Just to provide more info, the older card did not solve the problem and there are still sporadic hangs. I am trying to gather more information but it is difficult to get to.
I have found that there are at least two different versions of the ASR-2120S. There is an older version which shipped with v5xxx and v6xxx firmware which has a RAID processor which looks like a PPGA Intel Celeron. There is a newer version which is labeled RoHS on the product label, comes with v8208 firmware (latest), and has a "shiny" BGA looking RAID processor. This latter version has been working since I last reported without a single crash or other problem. I think there may be hardware defects arising in the older versions perhaps due to age or due to problems solved in later versions. Since when the older vesrions of the card crashes Linux it remains upset in other ways (will not POST, will not bring drives online, etc), I am reluctant to blame this on Linux and am therefore closing this bug. Anyone having problems with ASR-2120S should seek the later RoHS hardware revision which can visually be identified by the RoHS indication on the product sticker and the shiny surfaced RAID processor.

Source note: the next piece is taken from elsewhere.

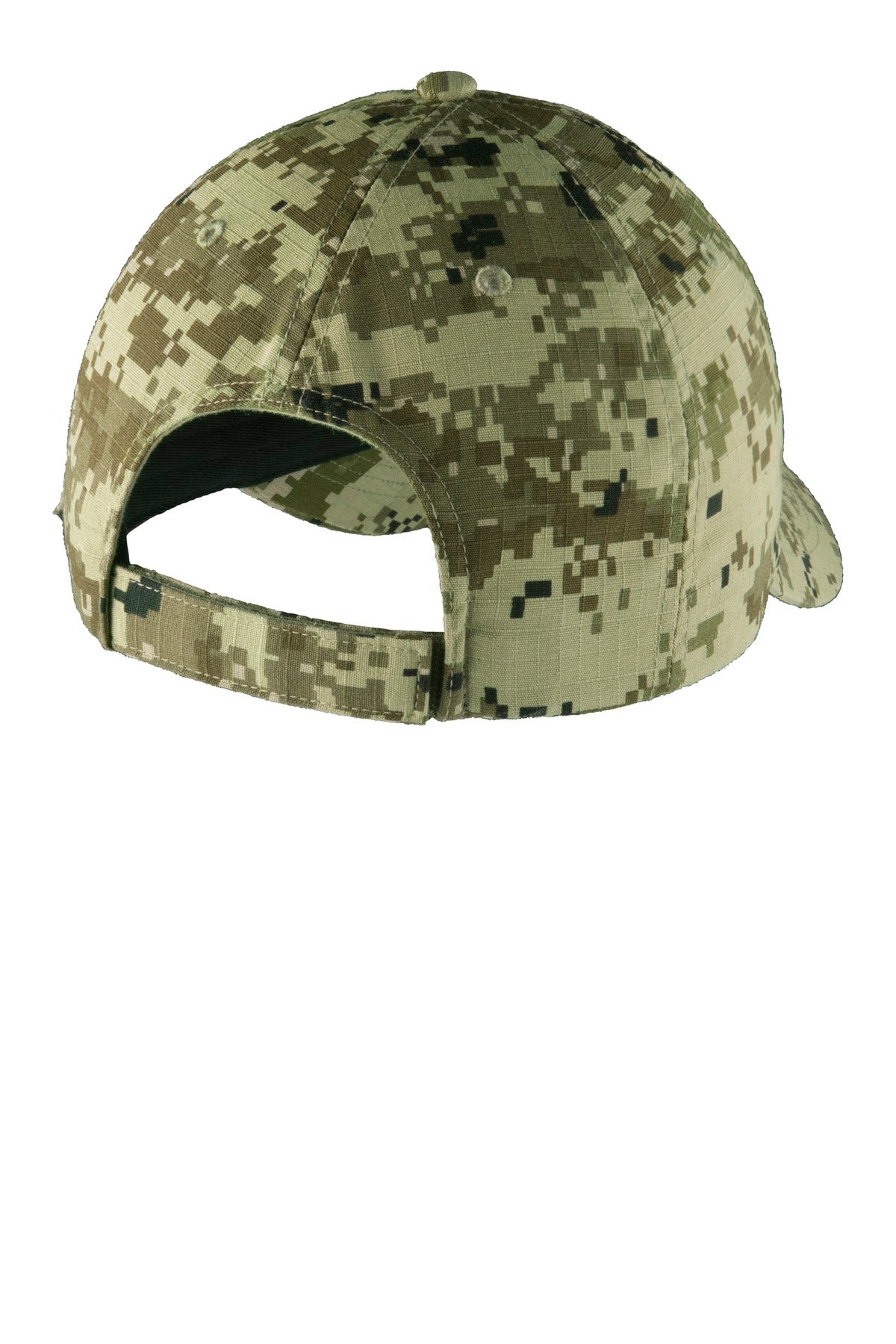 Port Authority Digital Ripstop Camouflage Cap - Green Camo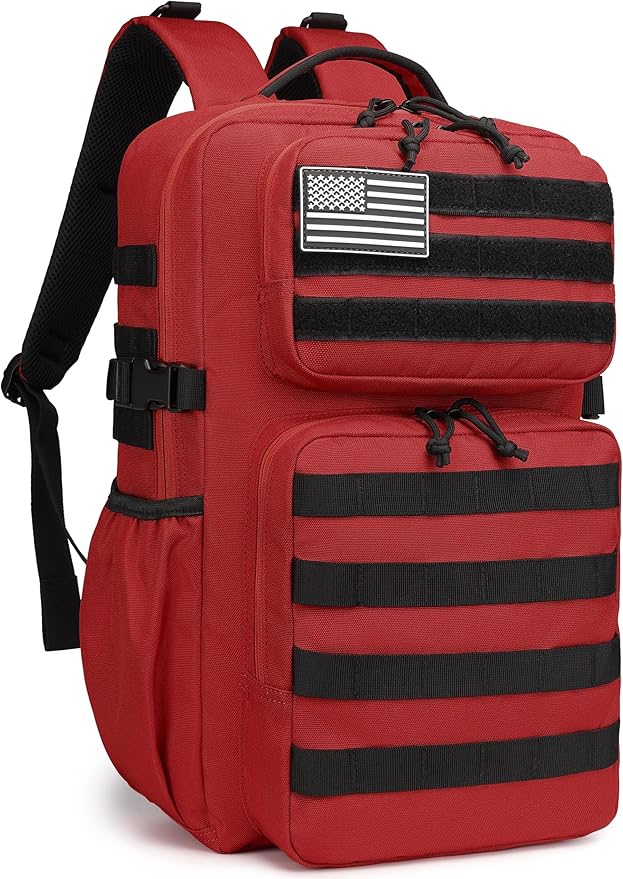 Wotony Military Tactical Backpack for Men Waterproof Daypack 3 Day Assault Pack Molle Bag with Water Bottle Holder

Created attachment 89571 [details] Server a22 kernel panic Server a22 kernel panic
Created attachment 89581 [details] Server a3 kernel panic Server a3 kernel panic
Created attachment 89591 [details] Server a20 kernel panic Server a3 kernel panic
Hi, our company have same problems with aacraid. We using Debian 6.0.6 x86_64 wih proxmox-ve kernel: Linux 2.6.32-17-pve #1 SMP Wed Nov 28 07:15:55 CET 2012 x86_64 GNU/Linux modinfo aacraid: filename: /lib/modules/2.6.32-17-pve/kernel/drivers/scsi/aacraid/aacraid.ko version: 1.1-7[28000]-ms license: GPL description: Dell PERC2, 2/Si, 3/Si, 3/Di, Adaptec Advanced Raid Products, HP NetRAID-4M, IBM ServeRAID & ICP SCSI driver author: Red Hat Inc and Adaptec srcversion: DAE1E62971BE24D8A2CE61F vermagic: 2.6.32-17-pve SMP mod_unload modversions Also, i will attach lspci info.
Hi everyone, I have Adaptec 6405E HW Card which make me crazy with these errors : [661903.992040] aacraid: Host adapter abort request (2,0,0,0) [661904.064211] aacraid: Host adapter abort request (2,0,0,0) [661904.136081] aacraid: Host adapter reset request. SCSI hang ? This issue is when you use a new kernel. I have found the issue. Go to http://www.adaptec.com/fr-fr/ and upgrade the firmware of your hw card. I have 6405E and with all OS I have this errors (ebord request, SCSI hang) After the upgrade (yesterday) 18668 to 19076 and 19109 it works very well now. So, upgrade the firmware of your card and it could fix this error. I hope it can helps you.